Hermit wrote:Yes, Russia basically destroyed Napoleon's army, and the battle of Borodino, in so far as Napoleon thought of it as a victory, (which technically it was, what with the Russians having lost a lot more men than the French and forced to withdraw to the east of Moscow out of sheer exhaustion) was at best a Pyrrhic one. What beat him more than the Russian army, though, was what beat another vainglorious conqueror 120 years later: Logistics and the cold. By the time Napoleon arrived at Borodino, well over half his force had already perished, and over his entire Russian campaign way more of his soldiers died from freezing to death or starvation than in battle. The Russians basically burnt Moscow down when they evacuated. This left Napoleon nothing to feed his army with. Convinced that he had won the war, he sat there for six weeks, waiting for the Tsar to surrender. It never happened, of course. The Russians were biding their time, waiting for the French aggressor to finally come to the realisation that his army was melting away in front of his eyes because of the lack of food and heating.

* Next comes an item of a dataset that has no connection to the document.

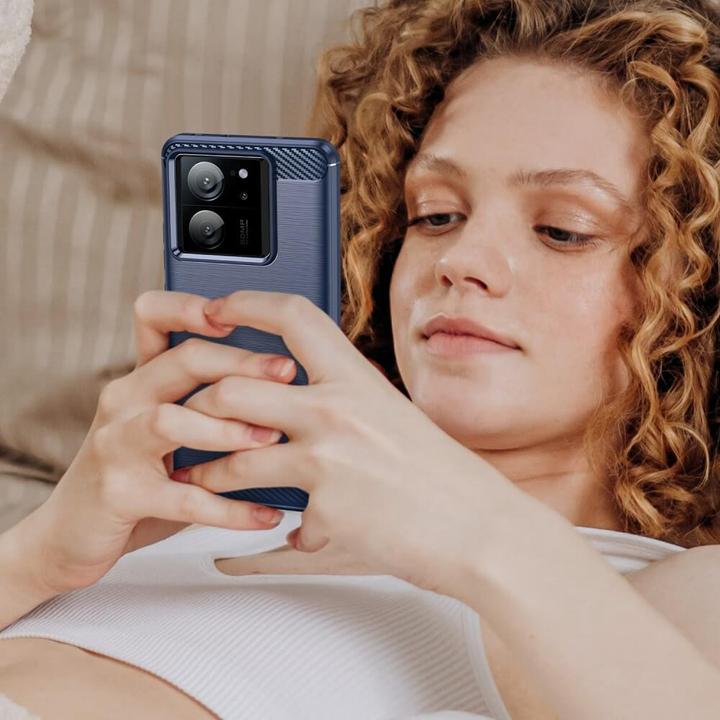Produktbild Cover-Discount Xiaomi 13T / 13T Pro - Metall Carbon Look Hülle blau (Xiaomi 13T)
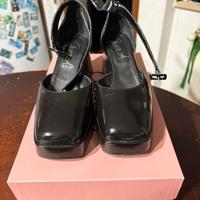 Scarpe nere pelle e vernice, 39, tacco 7 cm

As for Waterloo, you are right: Napoleon did not have 442,000 soldiers. He had 73,000. But then the coalition did not have 442,000 men either. It had even fewer than Napoleon - 68,000 - and not many more than half the number of cannon the French brought to the field. Nevertheless, Wellington managed to keep the situation finely balanced until the 72 year old arrived late in the afternoon with 50,000 troops (after an overnight forced march made additionally torturous by a recent downpour that turned the roads into morass) enabling the allies to roll over the enemy from one flank to the other.

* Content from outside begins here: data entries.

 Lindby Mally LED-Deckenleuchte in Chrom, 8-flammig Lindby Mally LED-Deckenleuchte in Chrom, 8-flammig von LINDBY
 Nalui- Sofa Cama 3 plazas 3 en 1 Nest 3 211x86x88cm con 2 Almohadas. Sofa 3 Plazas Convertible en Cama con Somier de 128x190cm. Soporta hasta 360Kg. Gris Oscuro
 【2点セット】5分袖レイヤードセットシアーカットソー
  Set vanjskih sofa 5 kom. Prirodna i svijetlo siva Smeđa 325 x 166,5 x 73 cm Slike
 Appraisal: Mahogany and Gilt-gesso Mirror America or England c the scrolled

To say "Russia kicked Napoleon's butt" is kind of true, but it is also so oversimplified that it makes that statement grossly inaccurate to the point of being bullshit. It is no better than claiming that (pick one of the following options) the Russian winter, Wellington, Blücher, Napoleon's hubris, massive ignorance of logistic requirements... kicked Napoleon's butt.
I didn't say the Russian Army or the Cossacks beat the Grande Armée, I said Russia did. Napoleon's letting the Russians escape at Borodino and Russia's scorched earth and -40 winter was what ultimately cost him everything. Not Wellington, or his brother in law Pakenham, who was soundly defeated by Andrew Jackson at Chalmette because he woefully underestimated the resolve and fighting qualities of the Americans.